RECORDED DATA

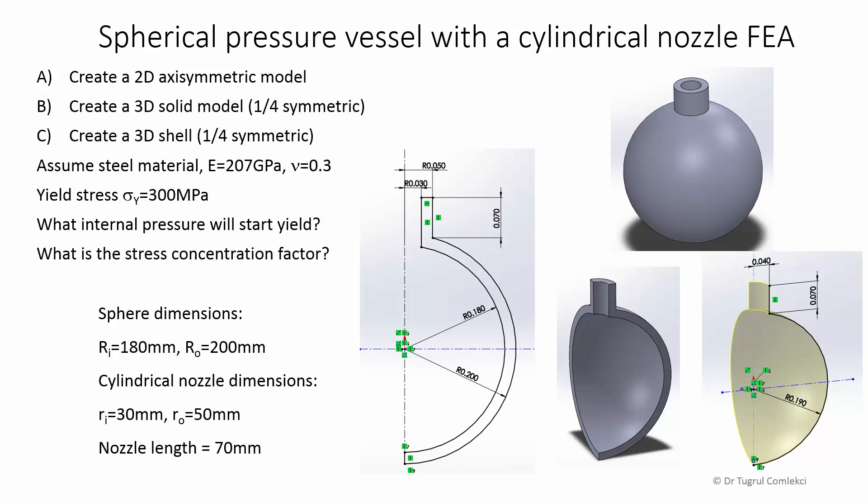In the second part of the spherical pressure vessel with cylindrical nozzle finite element analysis, we'll start with the 2D axisymmetric model we created in the first part, and we'll create a 3D solid model of this vessel by revolving the cross section around the y-axis.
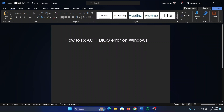Hey friends, if you wish to fix the ACPI BIOS error on your Windows computer, then please watch this video. I will guide you through the resolutions, but before proceeding further we need to understand what this error is. This error indicates a problem with the BIOS.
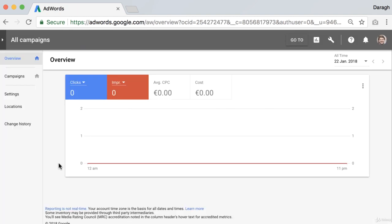And there you go. Now you'll be inside Google AdWords with your account set up. Thank you.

PROBLEM
Reproduce the data verbatim and omit each image.

EXERCISE RESPONSE
In the second part of the spherical pressure vessel with cylindrical nozzle finite element analysis, we'll start with the 2D axisymmetric model we created in the first part, and we'll create a 3D solid model of this vessel by revolving the cross section around the y-axis.
Hey friends, if you wish to fix the ACPI BIOS error on your Windows computer, then please watch this video. I will guide you through the resolutions, but before proceeding further we need to understand what this error is. This error indicates a problem with the BIOS.
And there you go. Now you'll be inside Google AdWords with your account set up. Thank you.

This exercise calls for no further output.